- **To do**
The material below includes pictures; leave them out and return only the lines between the line containing "Hello friends, welcome" and the line containing "I used to have", inclusive, word for word.

- **Recorded information**
====

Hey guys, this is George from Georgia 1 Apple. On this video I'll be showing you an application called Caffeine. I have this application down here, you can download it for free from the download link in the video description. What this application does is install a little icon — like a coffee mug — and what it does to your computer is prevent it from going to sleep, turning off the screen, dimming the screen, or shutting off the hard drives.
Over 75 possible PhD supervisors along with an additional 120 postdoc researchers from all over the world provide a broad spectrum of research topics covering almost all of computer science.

====

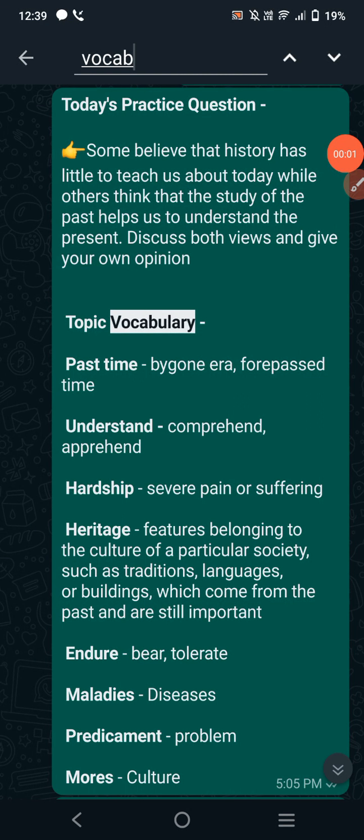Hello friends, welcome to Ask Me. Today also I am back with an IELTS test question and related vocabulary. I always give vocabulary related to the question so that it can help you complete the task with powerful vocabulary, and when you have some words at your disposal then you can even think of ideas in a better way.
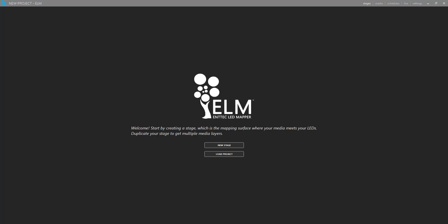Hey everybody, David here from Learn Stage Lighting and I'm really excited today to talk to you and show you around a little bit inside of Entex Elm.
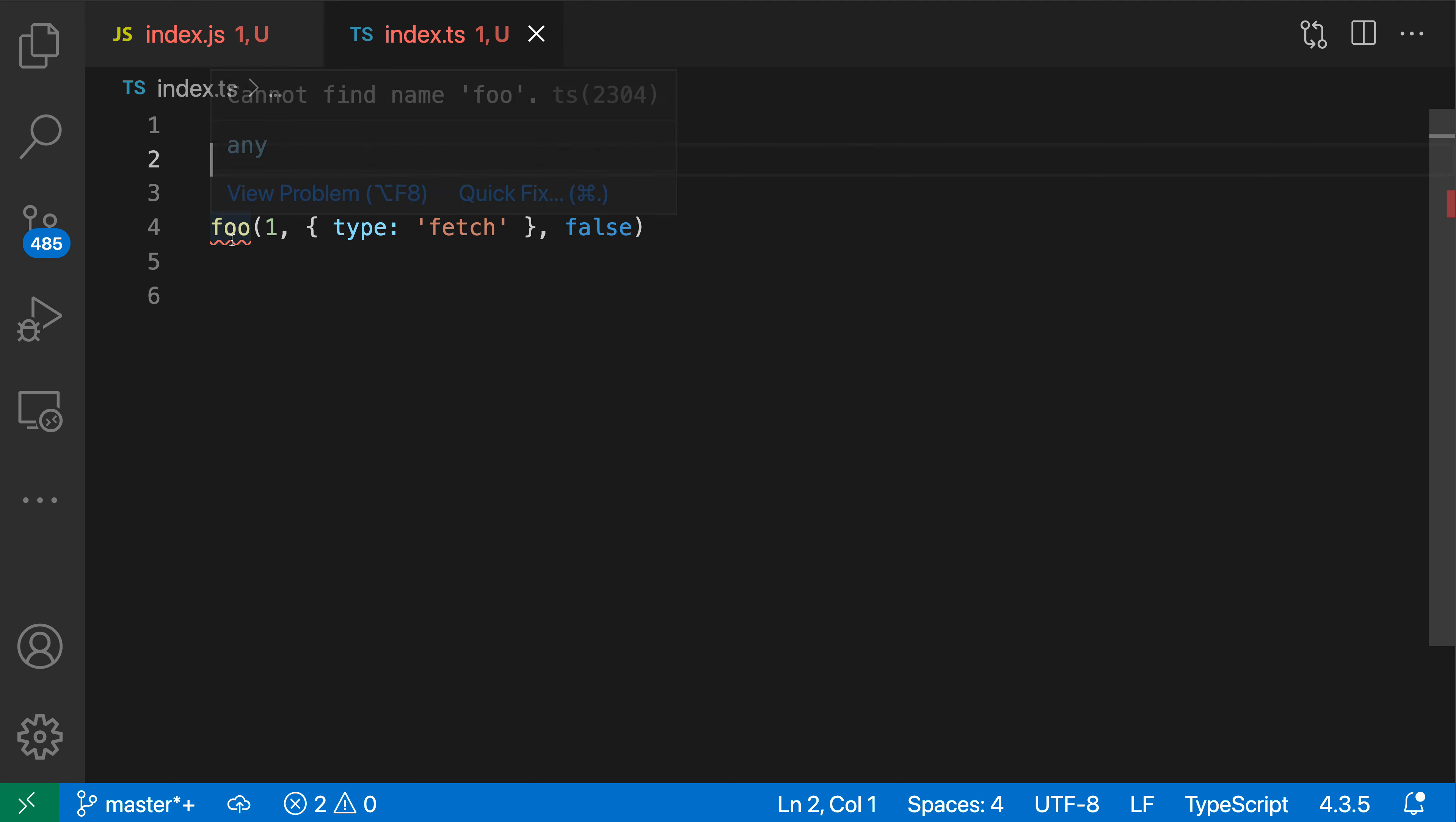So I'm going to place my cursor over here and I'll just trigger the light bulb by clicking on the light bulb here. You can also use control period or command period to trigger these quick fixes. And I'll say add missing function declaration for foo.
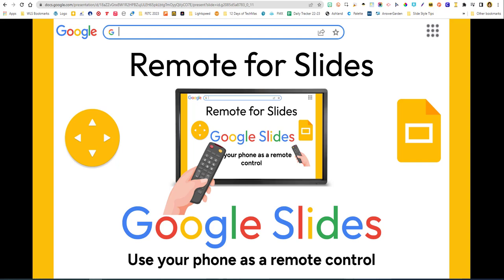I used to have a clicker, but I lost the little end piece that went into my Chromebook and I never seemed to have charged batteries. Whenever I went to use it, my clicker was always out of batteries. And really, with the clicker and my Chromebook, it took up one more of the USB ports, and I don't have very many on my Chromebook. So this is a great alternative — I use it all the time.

====

- **Exercise result**
Hello friends, welcome to Ask Me. Today also I am back with an IELTS test question and related vocabulary. I always give vocabulary related to the question so that it can help you complete the task with powerful vocabulary, and when you have some words at your disposal then you can even think of ideas in a better way.
Hey everybody, David here from Learn Stage Lighting and I'm really excited today to talk to you and show you around a little bit inside of Entex Elm.
So I'm going to place my cursor over here and I'll just trigger the light bulb by clicking on the light bulb here. You can also use control period or command period to trigger these quick fixes. And I'll say add missing function declaration for foo.
I used to have a clicker, but I lost the little end piece that went into my Chromebook and I never seemed to have charged batteries. Whenever I went to use it, my clicker was always out of batteries. And really, with the clicker and my Chromebook, it took up one more of the USB ports, and I don't have very many on my Chromebook. So this is a great alternative — I use it all the time.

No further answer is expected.